We need to be sure some of the guarantees that EtcdConfig promises hold true, specifically:

  1. In case the remote server is unresponsive (see T156924#3269464 for more details)
    1. the call to etcd will timeout and what is in cache will be used.
    2. At most one concurrent call to etcd will be made, and all other requests will use the cache
    3. No etcd connections are leaked
  2. In case the remote server sends an empty response the data in cache will be used
  3. In case the remote server is down at the startup of the application server, our monitoring requests will fail, depooling the server
  4. If more than one server is listed, either via dns discovery or via a list of servers, and one is unresponsive, the next one will be called
  5. The server sends a response that takes longer than our timeouts to be received, the cache will be used

A good chunk of these tests can be easily run in deployment-prep.

Event Timeline

Joe triaged this task as Normal priority.Jan 17 2018, 9:31 AM
Joe created this task.

Mentioned in SAL (#wikimedia-operations) [2018-02-21T16:40:43Z] <_joe_> testing various etcd failure scenarios on mwdebug1001, T185078

Mentioned in SAL (#wikimedia-operations) [2018-02-22T10:37:46Z] <_joe_> benchmarking EtcdConfig failure scenarios on mwdebug1001, T185078

Joe claimed this task.Feb 22 2018, 10:38 AM
Joe added a project: User-Joe.
Joe moved this task from Backlog to Doing on the User-Joe board.

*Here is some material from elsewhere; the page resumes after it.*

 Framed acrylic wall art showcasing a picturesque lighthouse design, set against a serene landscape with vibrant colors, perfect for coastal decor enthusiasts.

Mentioned in SAL (#wikimedia-operations) [2018-02-22T12:24:18Z] <_joe_> live-hacking ProductionServices.php on mwdebug1001 for testing (T185078)

Mentioned in SAL (#wikimedia-operations) [2018-02-22T12:42:07Z] <_joe_> ended live-hacking on mwdebug1001 (T185078)

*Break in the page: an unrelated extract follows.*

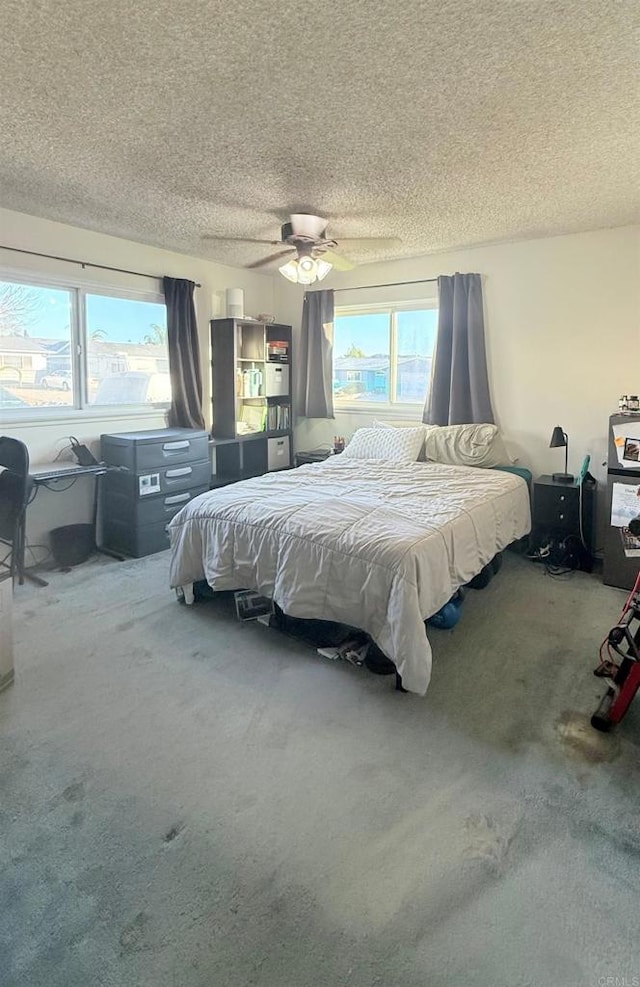 carpeted bedroom featuring a textured ceiling and ceiling fan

Joe added a comment.Feb 22 2018, 12:54 PM

First test to fail:

If I declare an invalid hostname as the etcd server in a config change, an exception is thrown and not caught at runtime:

Feb 22 12:30:21 mwdebug1001 hhvm[2942]: [Thu Feb 22 12:30:21 2018] [hphp] [2942:7f7b1d3ff700:16772:000001] [] 
Fatal error: Uncaught exception 'ConfigException' with message 'Failed to load configuration from etcd: (curl error: 6) Couldn't resolve host name' in /srv/mediawiki/php-1.31.0-wmf.21/includes/config/EtcdConfig.php:191
Stack trace:
#0 /srv/mediawiki/php-1.31.0-wmf.21/includes/config/EtcdConfig.php(113): EtcdConfig->load()
#1 /srv/mediawiki/wmf-config/etcd.php(28): EtcdConfig->get()
#2 /srv/mediawiki/wmf-config/etcd.php(35): wmfSetupEtcd()
#3 /srv/mediawiki/wmf-config/CommonSettings.php(113): include()
#4 /srv/mediawiki/php-1.31.0-wmf.21/LocalSettings.php(4): include()
#5 /srv/mediawiki/php-1.31.0-wmf.21/includes/Setup.php(94): include()
#6 /srv/mediawiki/php-1.31.0-wmf.21/includes/WebStart.php(94): include()
#7 /srv/mediawiki/php-1.31.0-wmf.21/index.php(39): include()
#8 /srv/mediawiki/w/index.php(3): include()
#9 {main}

So I guess we just need to catch such an exception and just serve the stale values from cache if available.

Joe added a comment.Feb 23 2018, 11:11 AM

I dug into the code a bit and turns out my testing strategy was flawed: since the cache key depends on the hostname, by changing it I just created a situation where the cache was empty and the etcd cluster unreachable, thus just making us fall in an expected failure scenario.

So this far all tests are giving us functionally good results. I'll analyze my benchmark data to better assess the performance penalty we suffer in case of failures on the etcd side though.

Joe added a comment.Mar 7 2018, 11:40 AM

So some results from different runs of testing using ab to render https://en.wikipedia.org/wiki/Francesco_Totti on mwdebug1001 at different concurrency levels testing the following failure scenarios at various levels of concurrency:

  • 1 server down (iptables DROP)
  • 1 server where etcd has crashed/is stopped (iptables REJECT)
  • all 3 servers down
  • all 3 etcd instances crashed/failed

At all latencies but the smallest one (5 requests/s) the throughput barely notices the failures, but some requests (less than 1%) can be very slow, in particular when all servers are down, which admittedly is not such a probable scenario.

Joe closed this task as Resolved.Mar 7 2018, 12:01 PM